RACR decouples these concerns into two stages:
- Stage 1 — Reasoning-Aware Atomic Refinement (
[Mode] ANALYSIS) Groups snippets into bounded windows and distils each into concise, utility-validated notes. - Stage 2 — Global Logical Synthesis (
[Mode] REFLECTION) Constructs a coherent deductive chain from the evidence pool and filters off-chain redundancies.
RACR/
+-- racr/ # Core RACR module
| +-- base.py # BaseCompressor interface and SearchResult dataclass
| +-- compressor.py # RACRCompressor (two-stage Analysis + Reflection)
| +-- prompt.py # ANALYSIS_TEMPLATE and REFLECTION_TEMPLATE
| +-- utils.py # Text chunking and JSON parsing helpers
+-- baselines/ # Baseline compressors used in the paper
| +-- compact/ # CompAct
| +-- refiner/ # Refiner
| +-- recomp_abst/ # RECOMP-Abstractive
| +-- recomp_extr/ # RECOMP-Extractive
| +-- longllmlingua/ # LongLLMLingua
+-- evaluate/
| +-- run_eval.py # Main evaluation entry point
| +-- metrics.py # EM / F1 scoring
+-- configs/
| +-- eval_config.py # Dataset paths and model settings
+-- requirements.txt
Note (Anonymous Submission Stage) The fine-tuned model checkpoint and training data are not included in this submission to comply with double-blind review requirements.

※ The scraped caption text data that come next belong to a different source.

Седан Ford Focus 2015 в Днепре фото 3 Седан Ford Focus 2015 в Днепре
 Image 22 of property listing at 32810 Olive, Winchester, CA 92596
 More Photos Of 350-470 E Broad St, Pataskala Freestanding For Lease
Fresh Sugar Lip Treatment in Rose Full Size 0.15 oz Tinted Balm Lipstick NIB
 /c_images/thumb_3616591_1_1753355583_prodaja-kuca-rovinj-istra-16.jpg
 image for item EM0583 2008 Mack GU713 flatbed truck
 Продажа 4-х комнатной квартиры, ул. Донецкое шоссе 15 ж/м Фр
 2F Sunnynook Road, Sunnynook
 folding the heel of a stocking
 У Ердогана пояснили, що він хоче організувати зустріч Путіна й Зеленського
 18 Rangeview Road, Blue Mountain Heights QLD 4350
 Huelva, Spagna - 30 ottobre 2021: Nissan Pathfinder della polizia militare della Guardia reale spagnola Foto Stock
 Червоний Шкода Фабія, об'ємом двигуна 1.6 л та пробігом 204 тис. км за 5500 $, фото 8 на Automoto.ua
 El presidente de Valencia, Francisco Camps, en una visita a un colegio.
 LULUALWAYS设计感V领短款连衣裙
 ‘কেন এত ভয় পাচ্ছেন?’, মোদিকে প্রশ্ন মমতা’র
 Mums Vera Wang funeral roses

Upon acceptance, we will publicly release:
- The fine-tuned Qwen2.5-7B-Instruct RACR checkpoint on Hugging Face Hub.
- The full distillation dataset (~78k samples) synthesized via the DeepSeek-R1 teacher pipeline.
- Step-by-step training scripts and data synthesis pipeline.
pip install -r requirements.txtEach dataset file should be a JSONL where every line follows:
{"question": "...", "answers": ["..."], "ctxs": [{"title": "...", "text": "..."}]}Update paths in configs/eval_config.py.
In configs/eval_config.py, set racr_model_path to the released checkpoint path
(available after acceptance).
cd RACR
python evaluate/run_eval.pyResults (EM, F1, Compression Ratio) are saved to the directory specified in eval_config.py.
from racr import RACRCompressor, SearchResult
compressor = RACRCompressor(
model_path="<path_to_checkpoint>",
use_vllm=True,
vllm_tensor_parallel_size=1,
)
docs = [
SearchResult(evi_id=0, docid=0, title="Doc A", text="..."),
SearchResult(evi_id=1, docid=1, title="Doc B", text="..."),
]
compressed = compressor.compress(query="Who founded SpaceX?", documents=docs)
print(compressed[0].text)| Method | NQ EM | TQA EM | HotpotQA EM | 2Wiki EM | MuSiQue EM | Avg EM | CR |
|---|---|---|---|---|---|---|---|
| Original | 30.1 | 61.1 | 28.5 | 22.8 | 18.4 | 32.2 | 1x |
| LongLLMLingua | 28.2 | 59.8 | 29.5 | 24.6 | 15.8 | 31.6 | 9x |
| CompAct | 33.9 | 59.7 | 30.2 | 20.7 | 16.9 | 32.3 | 35x |
| Refiner | 28.4 | 56.6 | 27.3 | 20.4 | 18.4 | 30.2 | 46x |
| RACR (Ours) | 35.0 | 60.3 | 32.6 | 29.0 | 36.1 | 38.6 | 41x |
Improvements are statistically significant at p < 0.01 on all multi-hop datasets.
This code is released under the MIT License.